The paper offers a timely policy analysis of a full United States nationalization of frontier AI labs and argues that such a move could create misaligned economic incentives that slow diffusion and reduce overall welfare. It surveys historical precedents like the USRA, Manhattan Project, Apollo Program, MITI, and Korea’s heavy-industry drive, then applies public-choice theories such as Niskanen’s budget maximizing bureaucracy and Kornai’s soft budget constraint to foresee cost overruns and efficiency losses. The narrative is well structured and the prose is clear. The inclusion of concrete channels like talent retention, compute commandeering under the Defense Production Act, and security driven restrictions on collaboration grounds the discussion in plausible mechanisms. The historical vignettes and theories are drawn together coherently and the paper ends with pragmatic recommendations that nationalization should be a last resort in favor of “soft” public-private control. ​

The contribution is mainly descriptive and lacks formal modeling or new empirical evidence. No quantitative framework is provided to compare nationalized and private incentive structures, nor are there back-of-the-envelope fiscal estimates beyond citing past GDP percentages for the Manhattan and Apollo projects. The historical cases are summarized but not tested for external validity in the AI context. Recent literature on compute governance, state capacity in technology races, and AI alignment economics is largely missing, so the intellectual foundation rests on a limited set of classic public-choice sources.

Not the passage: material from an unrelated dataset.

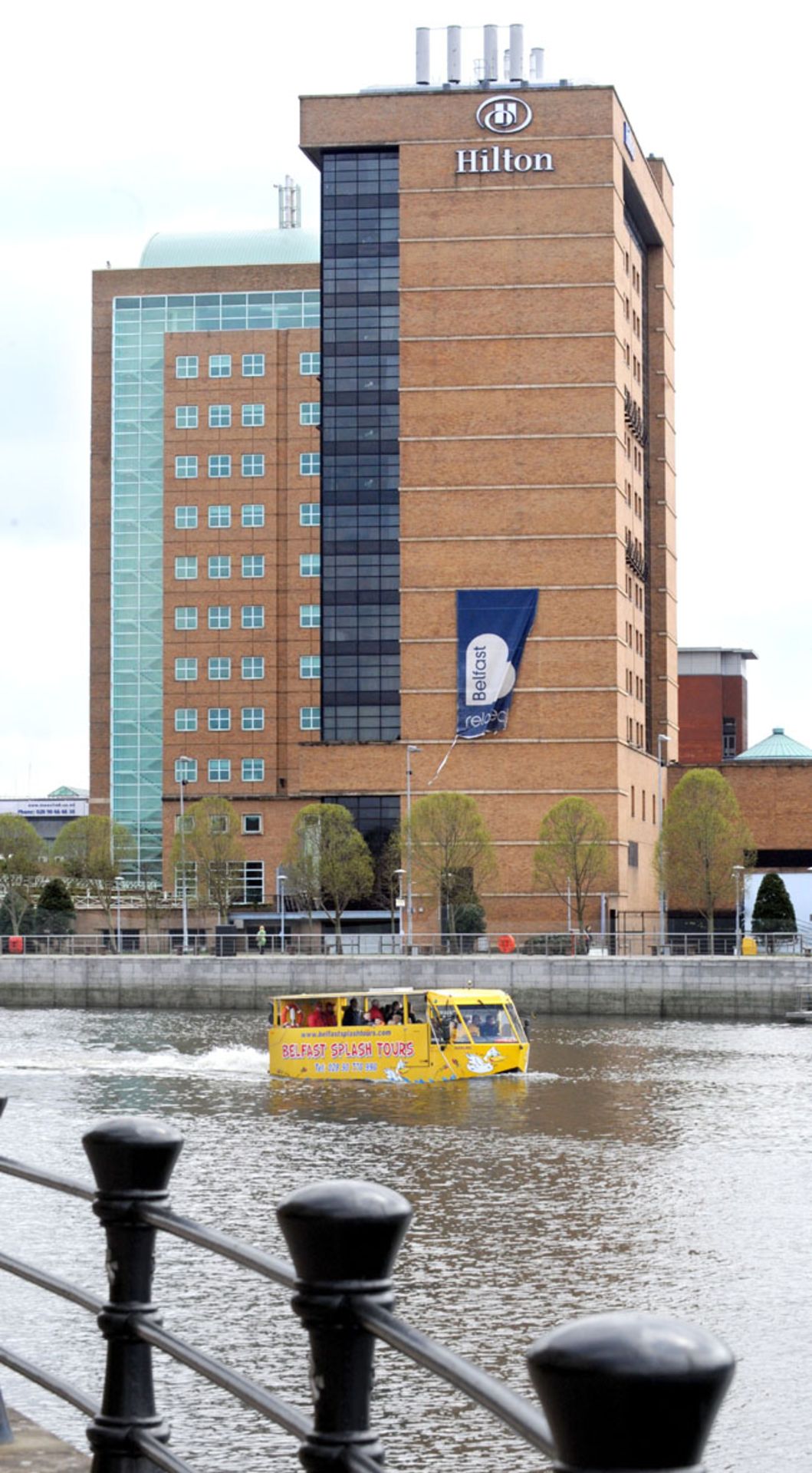 1 x Hydra Terra Duck Boat Amphibious Coach - CL336 - Location: Newark NG23 This Hydra Terra - Image 2 of 8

AI safety relevance is present but indirect. The paper stresses that misaligned incentives under nationalization could hinder diffusion and perhaps heighten safety risks, yet it does not trace how a public monopoly would affect catastrophic misuse probabilities, alignment R&D funding, or global compute races. A more explicit mapping from ownership structure to safety outcomes would strengthen the impact.

Technical quality and documentation are modest. The essay is properly referenced and the parsed PDF contains tables and a Bloomberg chart, but no data, code, or appendices accompany the narrative, making replication or further analysis impossible. The policy recommendations are sensible yet untested and rely on qualitative reasoning alone.

Luke Drago

I'm grading this more as a policy paper than a quantitative economics paper.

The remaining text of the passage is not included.